Finding Regulatory Motifs of Genetic Networks Using Cut-Sort Algorithm
Ahmad M. Al-Omari, Mohammed H. Tawalbeh, Abedalmuhdi M. Almomany |Pages: 77-90|

Abstract— Understanding the targets of regulatory genes has become a challenging problem for bioinformaticians and biologists in systems biology. The main issue in solving this challenge consists in finding motifs that are finding short, recurring patterns in DNA or in amino-acid sequences that presumably have a regulatory function. A motif is considered a signature for a protein family binding to sequence motifs in the genome. The major challenge in finding motifs arises from the fact that most of the time the motifs are not well conserved.
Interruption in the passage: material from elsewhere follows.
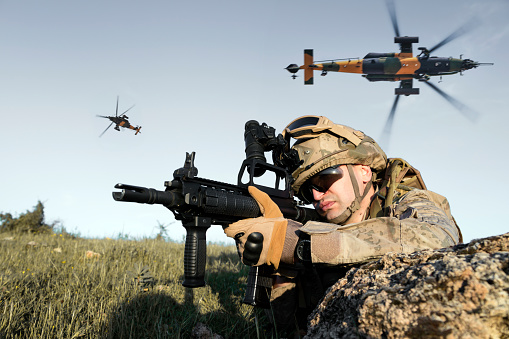 Fully armed British soldier in a fight in forest trench. About 25 years old Caucasian male.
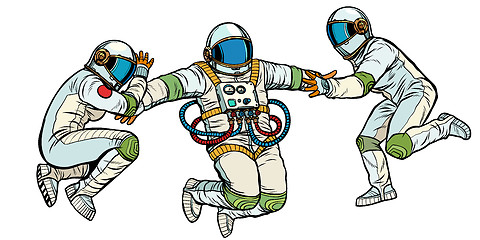 Image showing three astronauts in space in zero gravity isolate on white background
To discover such degenerate motifs, aligning multiple sequence motifs becomes a challenge. Usually, a motif discovery algorithm uses some prior information about the motifs to be discovered. In this paper, we present a novel algorithm for finding conserved sequence motifs in DNA without having a priori knowledge about the motifs. However, the algorithm can be used for motifs sequence both in DNA and in proteins. Our algorithm mainly depends on cutting sequences that have conserved motifs into equal fragments, sorting the fragments and then extending in both fragment directions. The algorithm runs in a very short time period. It takes 5.5 seconds for a real data sequence with length N = 28,000 nucleotides to find its identical, degenerate, long and short motifs; it can be easily parallelized by implementing it on General Purpose Graphical Processing Units. The algorithm guarantees to find any globally optimal solution within a short time even for sequences with very long motifs.